Top of Supplied entries

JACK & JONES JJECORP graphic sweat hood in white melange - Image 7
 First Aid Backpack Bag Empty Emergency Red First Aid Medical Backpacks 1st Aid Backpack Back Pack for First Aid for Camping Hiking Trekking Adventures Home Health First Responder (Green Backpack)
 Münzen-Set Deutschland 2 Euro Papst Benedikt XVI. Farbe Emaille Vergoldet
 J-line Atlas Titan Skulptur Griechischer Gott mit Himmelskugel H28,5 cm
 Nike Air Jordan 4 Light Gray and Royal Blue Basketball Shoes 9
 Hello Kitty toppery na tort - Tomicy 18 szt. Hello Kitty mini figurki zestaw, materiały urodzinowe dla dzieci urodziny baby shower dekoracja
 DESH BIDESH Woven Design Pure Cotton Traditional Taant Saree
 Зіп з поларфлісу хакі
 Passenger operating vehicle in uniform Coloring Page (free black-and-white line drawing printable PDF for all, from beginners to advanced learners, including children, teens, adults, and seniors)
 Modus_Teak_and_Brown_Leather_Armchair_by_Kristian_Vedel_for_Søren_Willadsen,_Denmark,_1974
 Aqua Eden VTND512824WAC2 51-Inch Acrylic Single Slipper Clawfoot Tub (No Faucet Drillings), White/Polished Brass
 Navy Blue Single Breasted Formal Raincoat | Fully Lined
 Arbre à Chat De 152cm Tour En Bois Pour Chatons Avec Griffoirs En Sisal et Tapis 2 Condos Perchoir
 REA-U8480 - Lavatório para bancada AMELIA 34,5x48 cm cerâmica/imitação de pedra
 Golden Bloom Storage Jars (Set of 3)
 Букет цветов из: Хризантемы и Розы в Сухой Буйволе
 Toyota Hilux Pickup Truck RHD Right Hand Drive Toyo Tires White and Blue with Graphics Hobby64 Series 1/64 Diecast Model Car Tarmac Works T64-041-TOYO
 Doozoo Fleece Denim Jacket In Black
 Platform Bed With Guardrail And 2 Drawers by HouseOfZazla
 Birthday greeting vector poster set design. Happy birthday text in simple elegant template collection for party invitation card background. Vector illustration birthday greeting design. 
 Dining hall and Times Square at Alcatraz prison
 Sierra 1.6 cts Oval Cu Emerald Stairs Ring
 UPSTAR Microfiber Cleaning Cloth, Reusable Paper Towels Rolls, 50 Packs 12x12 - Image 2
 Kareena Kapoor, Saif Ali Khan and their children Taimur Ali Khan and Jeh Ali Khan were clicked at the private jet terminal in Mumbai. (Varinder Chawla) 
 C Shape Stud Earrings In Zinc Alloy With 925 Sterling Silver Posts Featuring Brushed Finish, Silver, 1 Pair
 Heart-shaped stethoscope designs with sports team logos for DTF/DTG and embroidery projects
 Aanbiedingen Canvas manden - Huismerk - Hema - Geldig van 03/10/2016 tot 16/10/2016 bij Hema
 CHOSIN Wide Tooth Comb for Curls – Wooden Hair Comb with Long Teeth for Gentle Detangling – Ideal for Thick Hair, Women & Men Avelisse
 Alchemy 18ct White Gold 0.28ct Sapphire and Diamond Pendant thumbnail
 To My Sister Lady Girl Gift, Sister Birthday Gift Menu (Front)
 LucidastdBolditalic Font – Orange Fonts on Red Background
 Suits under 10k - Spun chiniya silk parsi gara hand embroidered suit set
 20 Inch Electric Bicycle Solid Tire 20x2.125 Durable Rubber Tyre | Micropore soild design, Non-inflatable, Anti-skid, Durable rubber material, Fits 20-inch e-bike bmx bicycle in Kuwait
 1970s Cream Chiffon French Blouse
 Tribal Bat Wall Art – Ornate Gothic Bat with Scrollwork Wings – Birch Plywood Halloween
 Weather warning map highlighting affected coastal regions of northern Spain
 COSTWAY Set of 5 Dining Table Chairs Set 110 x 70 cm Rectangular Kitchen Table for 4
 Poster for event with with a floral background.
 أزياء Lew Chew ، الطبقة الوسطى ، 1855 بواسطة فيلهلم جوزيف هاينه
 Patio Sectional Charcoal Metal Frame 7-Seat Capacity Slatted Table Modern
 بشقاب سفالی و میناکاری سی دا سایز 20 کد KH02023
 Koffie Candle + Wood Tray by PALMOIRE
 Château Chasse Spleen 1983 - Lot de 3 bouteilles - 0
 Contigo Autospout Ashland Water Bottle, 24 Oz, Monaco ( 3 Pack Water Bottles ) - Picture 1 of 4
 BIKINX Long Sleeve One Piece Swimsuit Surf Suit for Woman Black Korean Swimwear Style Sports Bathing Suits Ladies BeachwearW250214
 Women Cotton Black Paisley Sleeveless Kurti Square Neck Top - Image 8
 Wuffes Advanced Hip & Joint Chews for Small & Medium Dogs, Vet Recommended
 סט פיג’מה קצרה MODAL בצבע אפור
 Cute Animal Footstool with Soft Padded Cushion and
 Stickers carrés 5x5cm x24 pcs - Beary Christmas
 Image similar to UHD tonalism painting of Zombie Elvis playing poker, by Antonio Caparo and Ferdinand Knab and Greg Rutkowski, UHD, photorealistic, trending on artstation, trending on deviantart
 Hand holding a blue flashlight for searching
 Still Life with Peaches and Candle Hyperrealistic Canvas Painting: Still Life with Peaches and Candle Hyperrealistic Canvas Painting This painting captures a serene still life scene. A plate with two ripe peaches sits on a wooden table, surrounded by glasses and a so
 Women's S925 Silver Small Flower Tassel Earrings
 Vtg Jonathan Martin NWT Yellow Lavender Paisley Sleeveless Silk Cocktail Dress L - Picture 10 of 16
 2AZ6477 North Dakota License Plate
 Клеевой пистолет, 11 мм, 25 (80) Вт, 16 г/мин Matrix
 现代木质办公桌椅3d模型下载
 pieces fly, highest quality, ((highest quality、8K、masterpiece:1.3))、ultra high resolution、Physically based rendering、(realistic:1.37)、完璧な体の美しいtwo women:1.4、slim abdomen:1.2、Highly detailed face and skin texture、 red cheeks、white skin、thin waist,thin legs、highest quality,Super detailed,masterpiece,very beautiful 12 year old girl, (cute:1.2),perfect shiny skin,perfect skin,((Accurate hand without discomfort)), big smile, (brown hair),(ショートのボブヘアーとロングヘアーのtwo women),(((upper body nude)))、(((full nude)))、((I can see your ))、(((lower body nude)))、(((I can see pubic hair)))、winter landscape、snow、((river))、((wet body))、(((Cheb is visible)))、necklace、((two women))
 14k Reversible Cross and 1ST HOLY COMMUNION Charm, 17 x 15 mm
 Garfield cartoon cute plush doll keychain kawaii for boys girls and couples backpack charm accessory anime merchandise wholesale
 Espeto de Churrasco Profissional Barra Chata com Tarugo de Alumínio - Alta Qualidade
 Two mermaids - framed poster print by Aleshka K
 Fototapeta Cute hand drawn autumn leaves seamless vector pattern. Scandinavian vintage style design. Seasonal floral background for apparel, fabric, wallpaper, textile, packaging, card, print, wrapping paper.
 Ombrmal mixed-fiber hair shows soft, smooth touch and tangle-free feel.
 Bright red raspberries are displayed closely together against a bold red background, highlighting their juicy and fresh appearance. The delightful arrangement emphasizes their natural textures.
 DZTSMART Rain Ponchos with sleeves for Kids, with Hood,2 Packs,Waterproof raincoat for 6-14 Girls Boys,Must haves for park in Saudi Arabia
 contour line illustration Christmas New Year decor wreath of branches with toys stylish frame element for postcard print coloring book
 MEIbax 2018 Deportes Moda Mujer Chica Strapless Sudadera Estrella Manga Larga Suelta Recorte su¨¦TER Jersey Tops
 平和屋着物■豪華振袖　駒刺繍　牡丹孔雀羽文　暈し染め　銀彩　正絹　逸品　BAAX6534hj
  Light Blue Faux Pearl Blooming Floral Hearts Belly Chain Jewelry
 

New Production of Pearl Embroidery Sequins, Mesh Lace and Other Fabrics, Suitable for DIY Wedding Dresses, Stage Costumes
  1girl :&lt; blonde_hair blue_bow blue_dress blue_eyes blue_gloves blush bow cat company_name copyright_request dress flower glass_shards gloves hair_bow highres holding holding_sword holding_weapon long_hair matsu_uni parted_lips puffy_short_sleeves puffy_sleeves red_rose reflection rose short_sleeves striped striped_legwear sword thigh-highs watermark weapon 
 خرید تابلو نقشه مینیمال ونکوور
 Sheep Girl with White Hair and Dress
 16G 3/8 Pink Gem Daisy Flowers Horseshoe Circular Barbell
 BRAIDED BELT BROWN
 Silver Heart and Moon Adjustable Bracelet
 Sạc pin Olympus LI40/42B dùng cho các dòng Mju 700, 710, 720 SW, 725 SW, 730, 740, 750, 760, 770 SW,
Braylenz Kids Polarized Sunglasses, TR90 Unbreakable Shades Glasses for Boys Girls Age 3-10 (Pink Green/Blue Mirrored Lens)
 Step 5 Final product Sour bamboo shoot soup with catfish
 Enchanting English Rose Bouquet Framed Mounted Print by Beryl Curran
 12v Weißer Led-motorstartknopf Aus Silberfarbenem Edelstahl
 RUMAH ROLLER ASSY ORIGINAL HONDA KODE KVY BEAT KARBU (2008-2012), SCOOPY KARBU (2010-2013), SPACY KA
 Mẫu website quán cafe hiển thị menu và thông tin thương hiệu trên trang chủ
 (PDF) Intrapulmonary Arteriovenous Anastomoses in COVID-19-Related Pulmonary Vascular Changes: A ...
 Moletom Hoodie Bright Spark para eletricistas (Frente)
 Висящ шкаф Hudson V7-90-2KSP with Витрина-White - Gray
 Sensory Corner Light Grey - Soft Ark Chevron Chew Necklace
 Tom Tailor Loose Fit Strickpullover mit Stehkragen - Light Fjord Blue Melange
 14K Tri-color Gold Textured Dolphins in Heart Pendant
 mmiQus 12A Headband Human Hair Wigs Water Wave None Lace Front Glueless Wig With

Bottom of Supplied entries

Go through the listing above and write out exactly the lines starting with the one holding "Heart-shaped stethoscope designs" and running through the one holding "Stickers carrés 5x5cm", ends included, and no others.

**Output for this exercise**
 Heart-shaped stethoscope designs with sports team logos for DTF/DTG and embroidery projects
 Aanbiedingen Canvas manden - Huismerk - Hema - Geldig van 03/10/2016 tot 16/10/2016 bij Hema
 CHOSIN Wide Tooth Comb for Curls – Wooden Hair Comb with Long Teeth for Gentle Detangling – Ideal for Thick Hair, Women & Men Avelisse
 Alchemy 18ct White Gold 0.28ct Sapphire and Diamond Pendant thumbnail
 To My Sister Lady Girl Gift, Sister Birthday Gift Menu (Front)
 LucidastdBolditalic Font – Orange Fonts on Red Background
 Suits under 10k - Spun chiniya silk parsi gara hand embroidered suit set
 20 Inch Electric Bicycle Solid Tire 20x2.125 Durable Rubber Tyre | Micropore soild design, Non-inflatable, Anti-skid, Durable rubber material, Fits 20-inch e-bike bmx bicycle in Kuwait
 1970s Cream Chiffon French Blouse
 Tribal Bat Wall Art – Ornate Gothic Bat with Scrollwork Wings – Birch Plywood Halloween
 Weather warning map highlighting affected coastal regions of northern Spain
 COSTWAY Set of 5 Dining Table Chairs Set 110 x 70 cm Rectangular Kitchen Table for 4
 Poster for event with with a floral background.
 أزياء Lew Chew ، الطبقة الوسطى ، 1855 بواسطة فيلهلم جوزيف هاينه
 Patio Sectional Charcoal Metal Frame 7-Seat Capacity Slatted Table Modern
 بشقاب سفالی و میناکاری سی دا سایز 20 کد KH02023
 Koffie Candle + Wood Tray by PALMOIRE
 Château Chasse Spleen 1983 - Lot de 3 bouteilles - 0
 Contigo Autospout Ashland Water Bottle, 24 Oz, Monaco ( 3 Pack Water Bottles ) - Picture 1 of 4
 BIKINX Long Sleeve One Piece Swimsuit Surf Suit for Woman Black Korean Swimwear Style Sports Bathing Suits Ladies BeachwearW250214
 Women Cotton Black Paisley Sleeveless Kurti Square Neck Top - Image 8
 Wuffes Advanced Hip & Joint Chews for Small & Medium Dogs, Vet Recommended
 סט פיג’מה קצרה MODAL בצבע אפור
 Cute Animal Footstool with Soft Padded Cushion and
 Stickers carrés 5x5cm x24 pcs - Beary Christmas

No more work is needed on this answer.